Sir Anthony's Rest is significant as a rare physical remnant of a governor's tour to an area, particularly as most shelters for visiting Vice-Regal parties were of a temporary nature.

The place is important because of its aesthetic significance.

Measuring approximate 40 m long by 35 m wide, and rising to a height of 4–5 m, Sir Anthony's Rest is significant for its landmark value, clearly visible from one section along the Bagara-Bundaberg Road.

The place has a strong or special association with a particular community or cultural group for social, cultural or spiritual reasons.

Importantly, Sir Anthony's Rest, has a strong association for the present local South Sea Islander community and the experiences of their ancestors in Queensland. Sir Anthony's Rest is significant for the strong social significance it holds for the residents of Bundaberg and the surrounding areas and is highly valued by the community.

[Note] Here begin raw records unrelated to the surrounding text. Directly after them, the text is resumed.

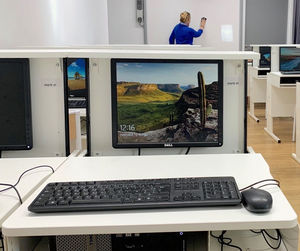 bodenstehender Computertisch.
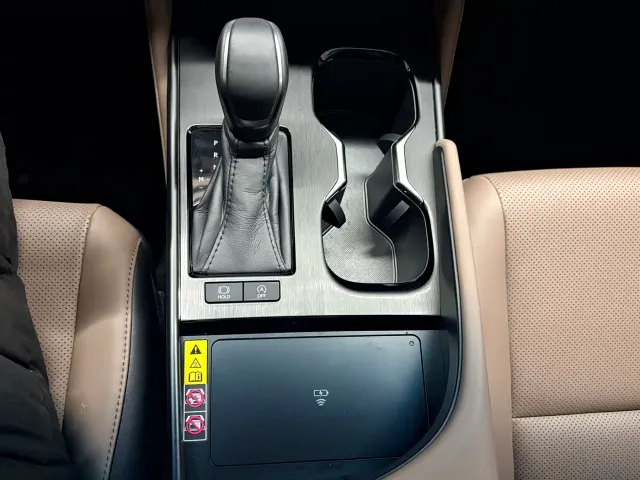 Lexus ES — Фото автомобиля 12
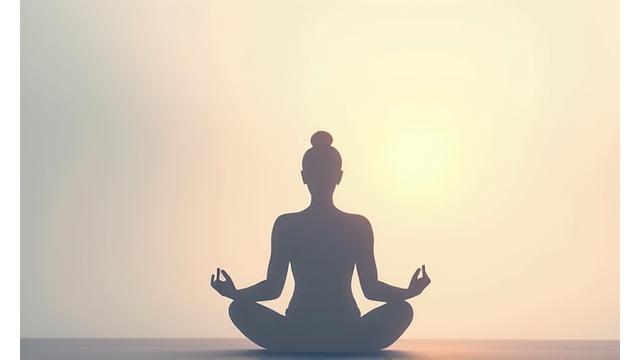Personne méditant dans un environnement serein, symbolisant la pleine conscience.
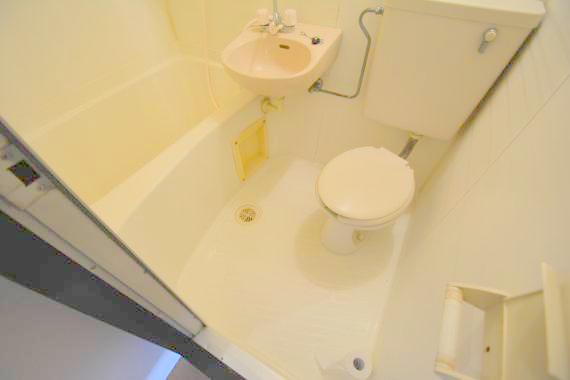 バス・シャワールーム　お掃除らくらくのユニットバスです。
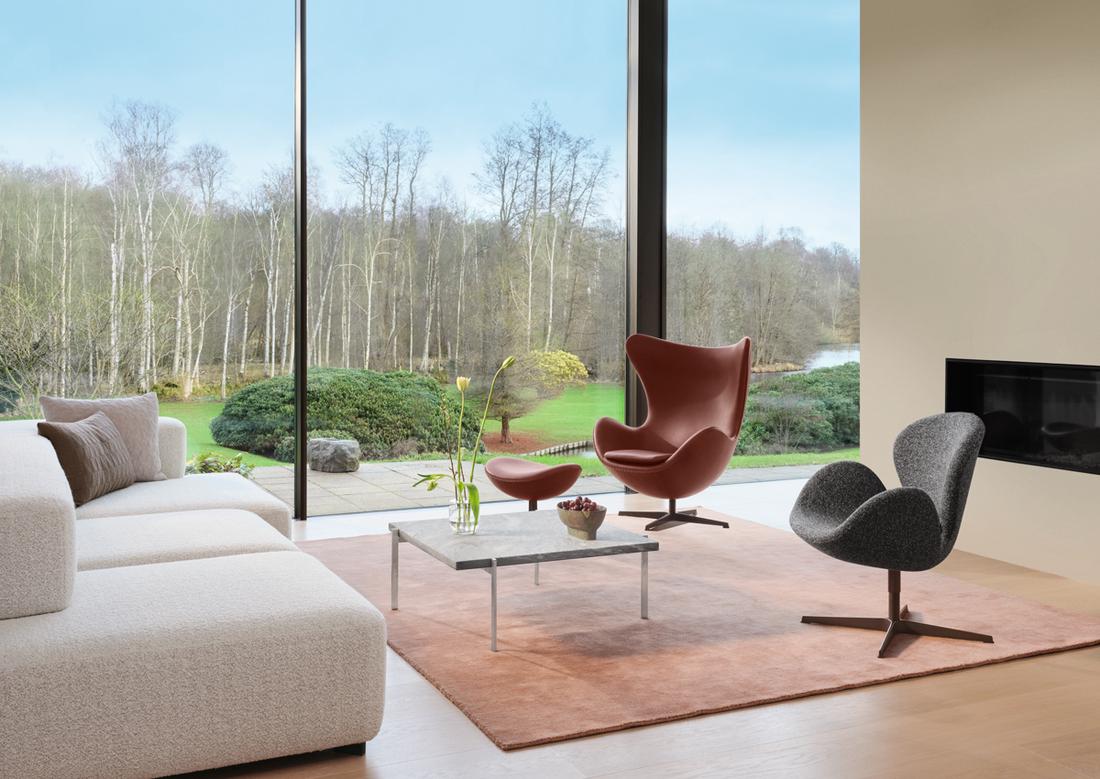 Bekijk meubels De Egg™ lounge chair en de Swan™ lounge chair zijn in 1958 ontworpen door de Deense architect en ontwerper Arne Jacobsen. De fauteuils zijn een van de meest populaire meubels van het Deense meubelbedrijf Fritz Hansen.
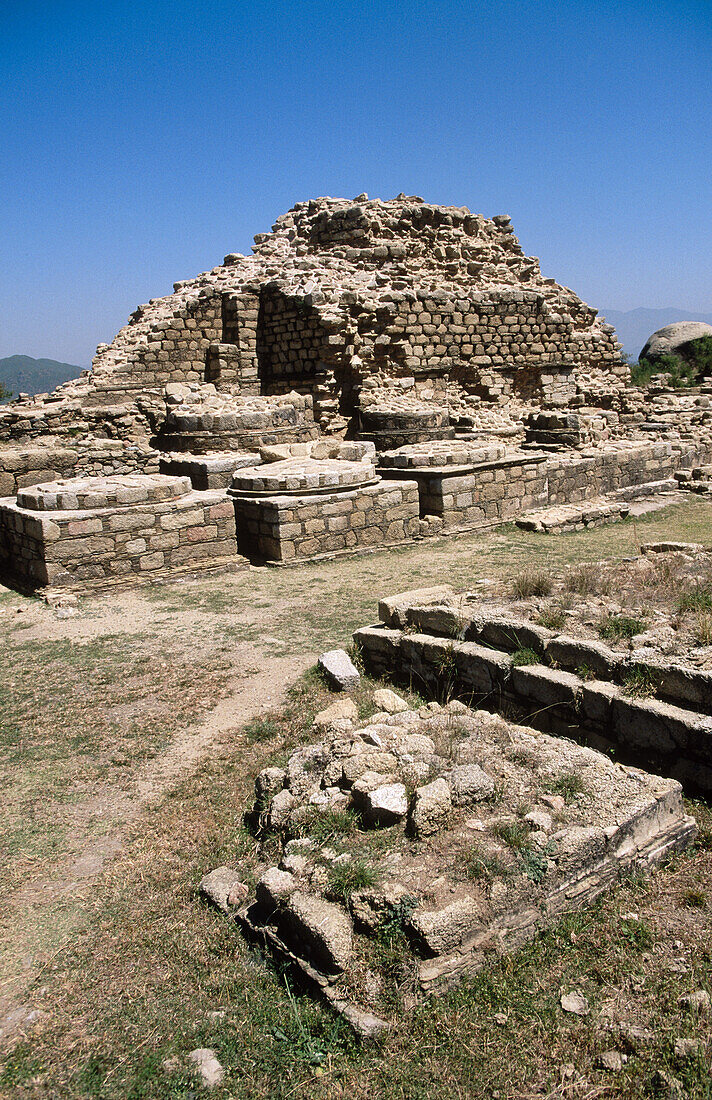 Main stupa (Ist to Vith century). Ranigat. Buddhist area. Northwest frontier province, Pakistan.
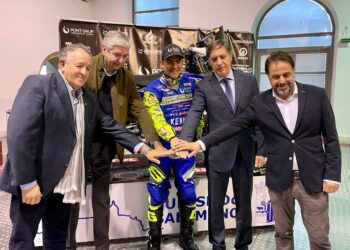 Salamanca muestra su apoyo a Lorenzo Santolino para afrontar el Rally Dakar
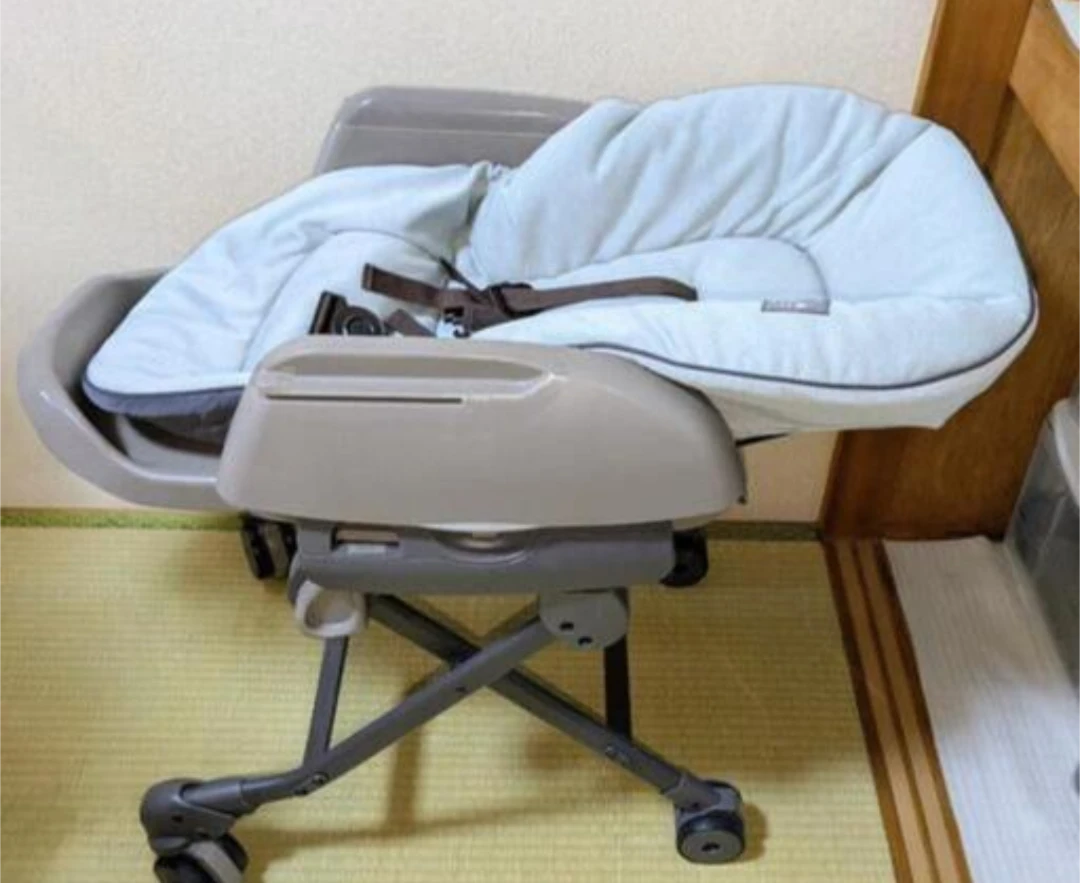 【美品】コンビ ネムリラ 手動ハイローチェア　テーブル付き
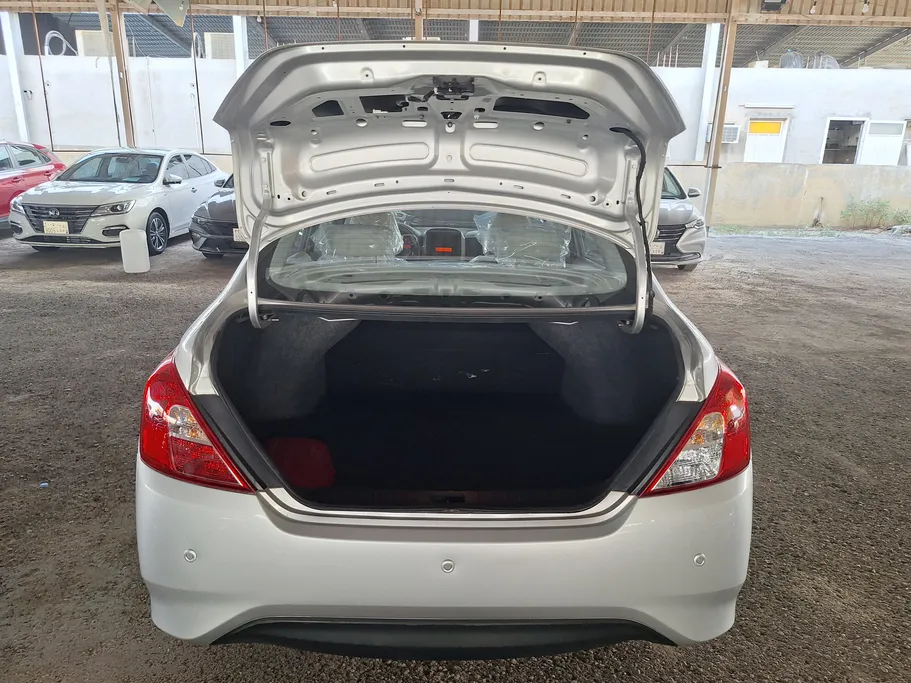 2024 Nissan Sunny Classic 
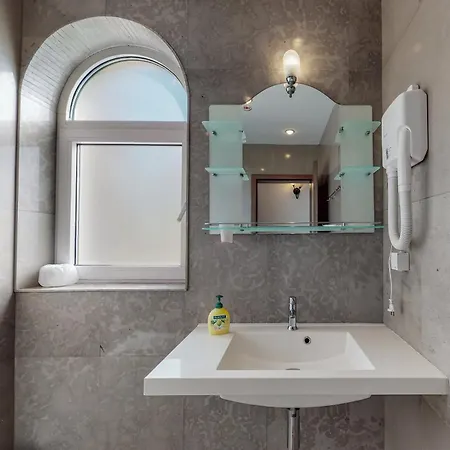 At Lighthouse Golf By Parnas Estate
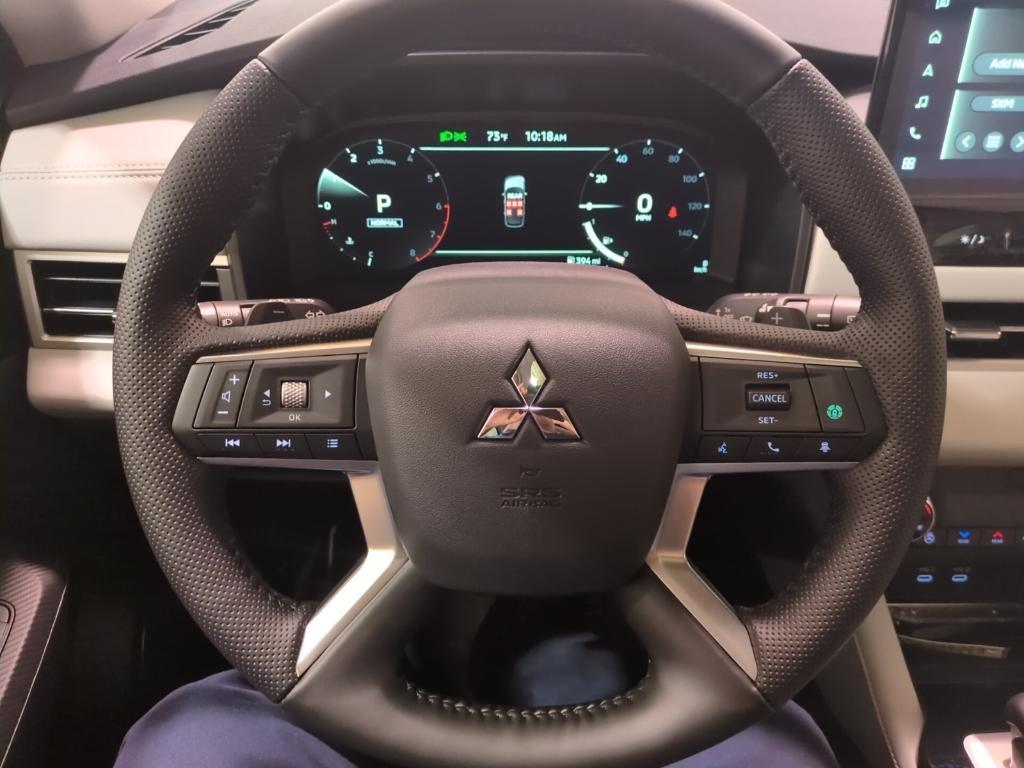 new 2025 Mitsubishi Outlander car, priced at $45,590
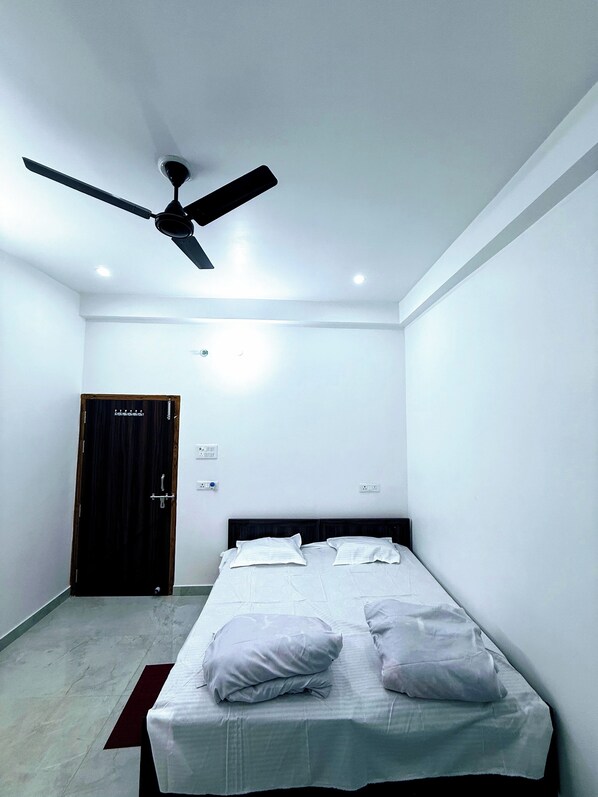 Free WiFi - Rameshwaram Stay (Faizabad)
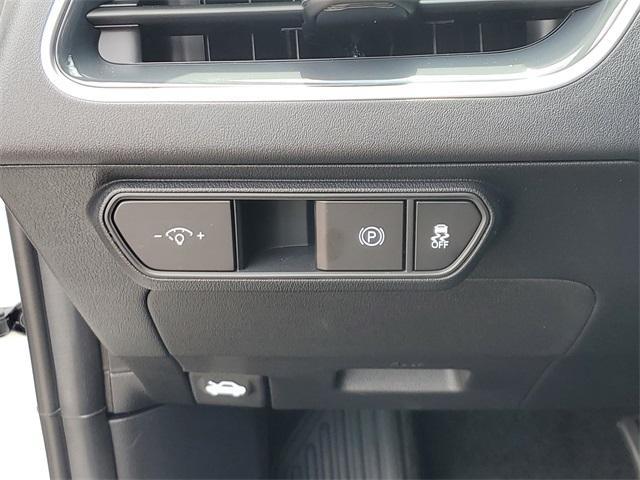 Photo of 2025 Snow White Pearl Kia K4
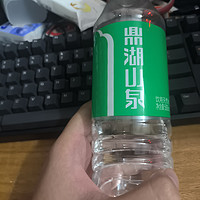 用天猫闪购签到红包入手鼎湖山泉饮用水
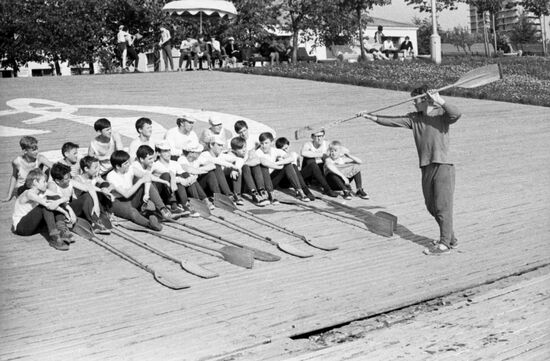 Тренировка детской секции гребного спорта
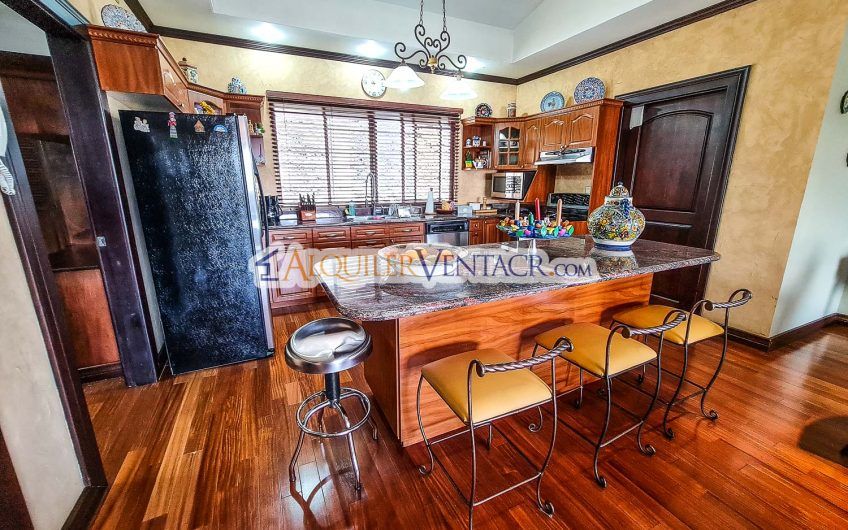 Condo de Un Nivel con jardín y vistas en Escazú x Distrito 4 Guachipelín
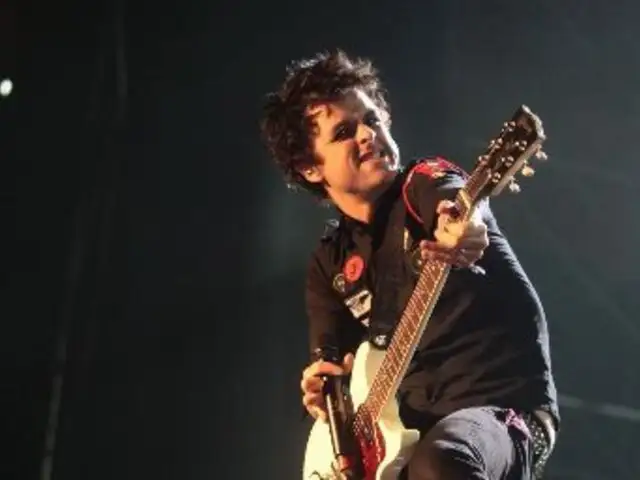 Vocalista de Green Day protagoniza bochornoso incidente en concierto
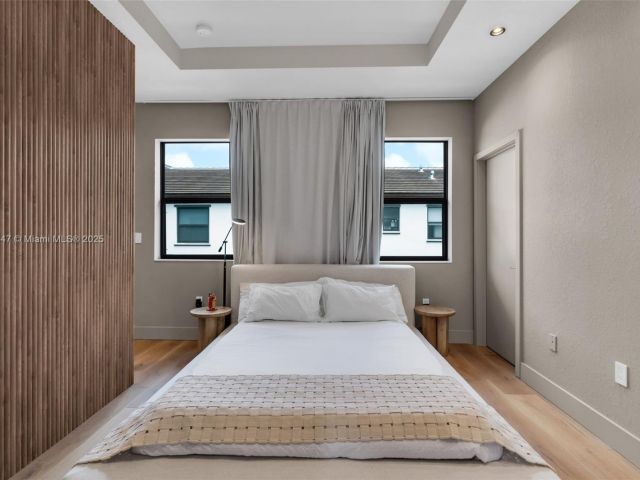 Продажа дома по адресу 20865 NE 7th Ct - фото 5956341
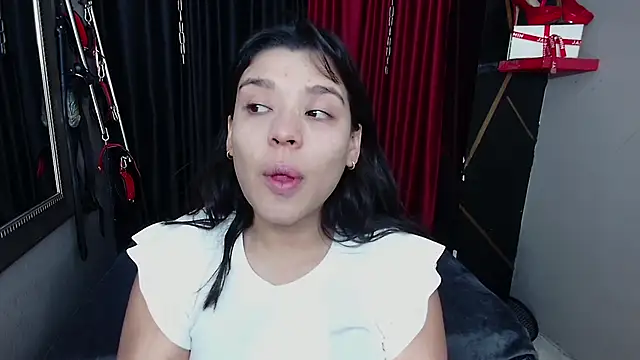 Snapshot of AvaLusty chatting on 02.10.25 AvaLusty online show from 02.10.25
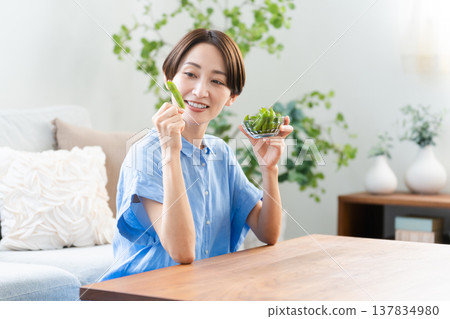 年輕女子吃毛豆生活方式形象 137834980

Sir Anthony's Rest was identified in the Burnett Shire Heritage Study.

The place has a special association with the life or work of a particular person, group or organisation of importance in Queensland's history.

Sir Anthony's Rest is significant for its association with the South Sea Islander community and the exploitation of this large workforce employed in the Bundaberg district, one of the most affluent sugar districts in the state, in the late 19th and early 20th centuries.